On 9 Dec 2004, at 12:07, Michael Lueck wrote:

Let's think Linux/Unix here a second. Preference files are stored in the user's home dir. A user can log in (text or X) multiple times, they will always get the same home dir. Thus each login instance will share those config files.

The same just happens to be true of Windows clients logging into a Linux box ala Samba PDC.

The two are not the same.

When you log in remotely to a unix-like system, you're using files in the one home directory, on one central file system. If you log in to a workstation that has NFS-mounted the remote directory, the same holds true - the files you edit are those present on the remote/central file system.

When you log in to a Microsoft Windows client with roaming profiles enabled, the client will copy all of the files in your "profile" across to the local file system. You edit them in place on the local file system. Then when you log off, the files are copied back to the "profile" directory. There is no rsync or other optimisation - if you have 200MB of files in your profile, that 200MB will be copied back and forth every time you log in and log out.

The two approaches have their advantages and disadvantages. In the case of the unix-like with home directories mounted over NFS, you don't want to be using KDE3 and Konqueror (for example), since Konqueror will check it's on-(NFS-)disk cache for the latest version of a file, find it's outdated, download the new file from the web server, save it to the on-(NFS-)disk cache, then display it to the user. Thus the main disadvantages of the remote/central disk method are the dependence (utter and absolute) on the remote hard disk, and the intermediate network. If either of those should stall, all machines on the network will halt as the NFS client waits for responses to NFS I/O.

The main disadvantage of the Microsoft Windows approach is the bandwidth wasted while people log in and out.

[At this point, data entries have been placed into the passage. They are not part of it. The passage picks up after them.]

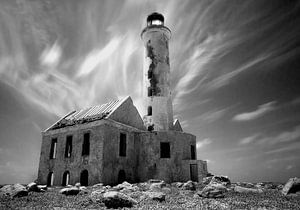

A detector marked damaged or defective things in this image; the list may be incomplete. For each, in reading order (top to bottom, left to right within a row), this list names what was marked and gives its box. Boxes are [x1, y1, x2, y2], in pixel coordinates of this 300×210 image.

rusted metal roof [46, 97, 125, 130]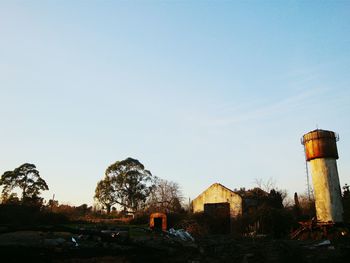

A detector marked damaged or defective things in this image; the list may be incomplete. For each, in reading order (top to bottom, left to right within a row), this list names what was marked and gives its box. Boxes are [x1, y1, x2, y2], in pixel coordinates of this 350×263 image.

rusty water tank [300, 129, 342, 223]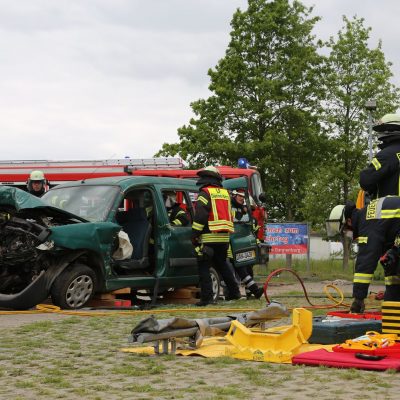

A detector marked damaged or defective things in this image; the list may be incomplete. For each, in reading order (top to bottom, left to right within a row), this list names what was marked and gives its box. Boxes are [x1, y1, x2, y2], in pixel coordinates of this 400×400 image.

crumpled hood [0, 187, 88, 223]
broken windshield [42, 185, 120, 222]
crashed green van [0, 177, 262, 310]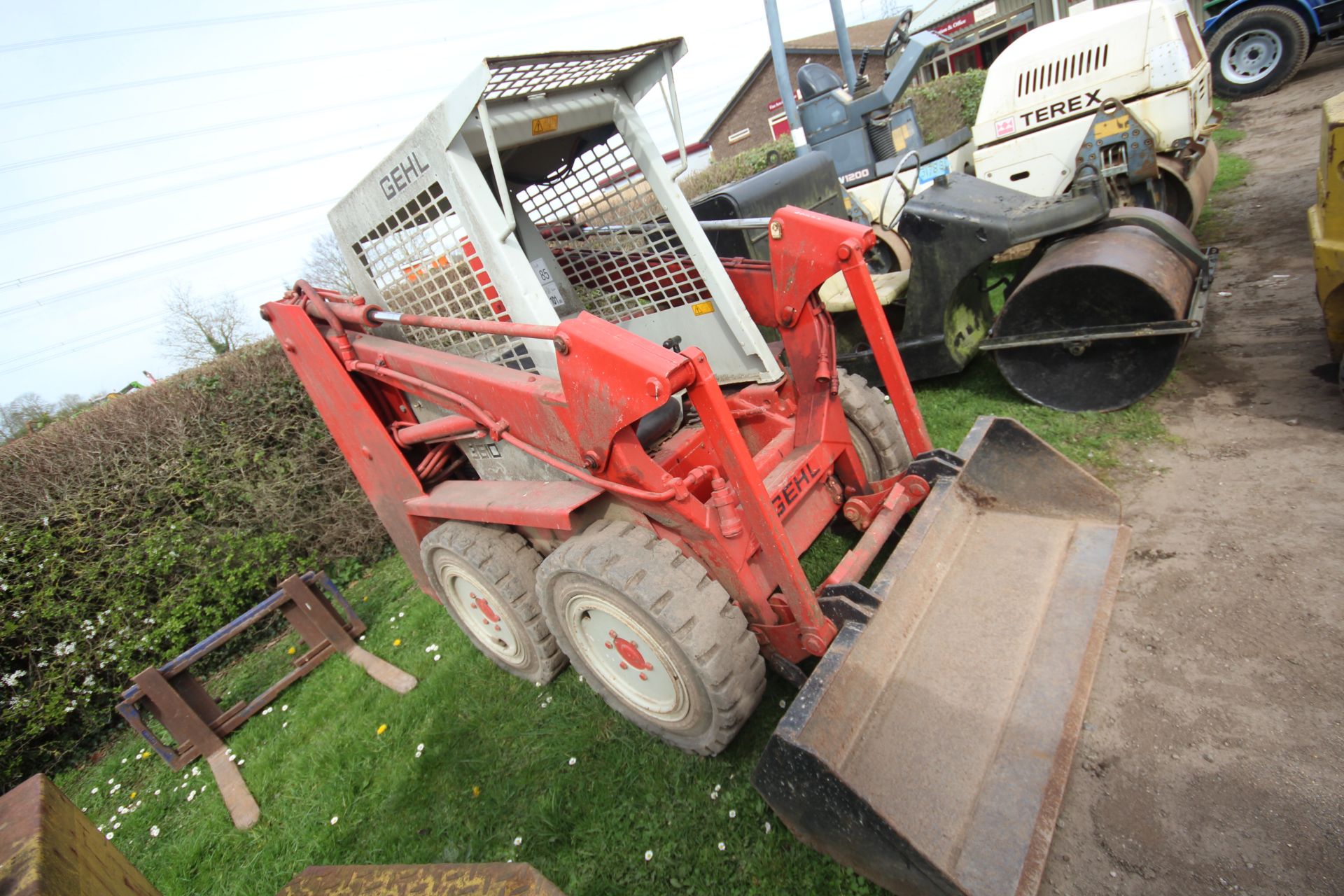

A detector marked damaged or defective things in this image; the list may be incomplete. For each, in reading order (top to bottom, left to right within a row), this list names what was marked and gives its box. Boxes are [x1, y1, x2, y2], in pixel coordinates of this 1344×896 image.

rusty metal sheet [763, 421, 1128, 896]
rusty metal sheet [0, 774, 161, 896]
rusty metal sheet [276, 860, 561, 896]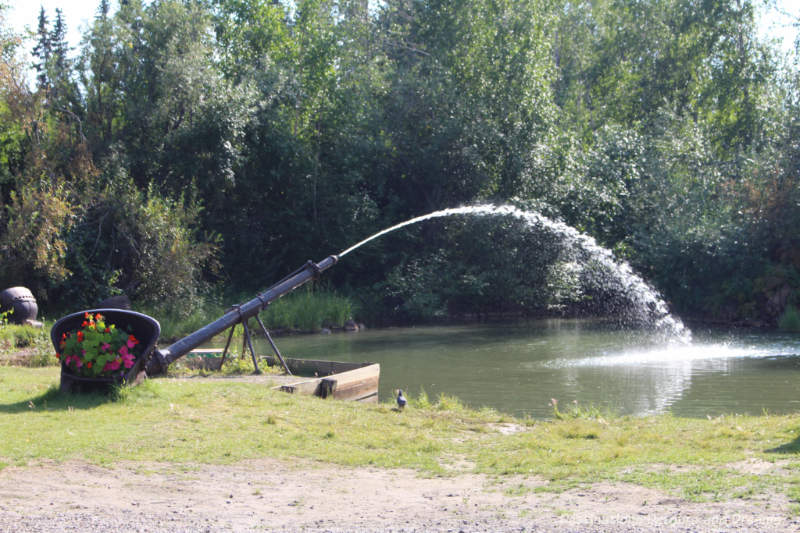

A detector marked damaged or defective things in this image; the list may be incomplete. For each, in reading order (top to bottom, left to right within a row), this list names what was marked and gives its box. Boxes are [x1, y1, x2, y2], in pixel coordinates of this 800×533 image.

rusty metal object [0, 286, 38, 324]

Both methods "need to be fixed" IMHO - a fair middle ground would be to mark some portions of the "profile" as "volatile" (and thus they won't be copied back to the central store on logout), and the actual copying back and forth of non-volatile (I'm not going to use the word "permanent") data should use an optimised copy - something like rsync, which will only copy the changes. This means you can feasibly run a 100-workstation network on 100Mbps Ethernet - no need for Gigabit unless you actually have to transfer tens of thousands of rendered frames of movies across the network (or you absolutely must have sub-millisecond timing on communications, or...) (and assuming that everyone doesn't try to log in at the same second).

Alex

PS: Of course, there are people out there who will tell you to get diskless workstations, and trust the network and server hardware to up to snuff. But they tend to have more money to spend than I do, and don't seem to care that a local file system is faster than a network mounted file system ;) (it helps to have bug-free chipsets on the servers, too) (and now I don my flame-retardant suit, and bring out the sun lamp)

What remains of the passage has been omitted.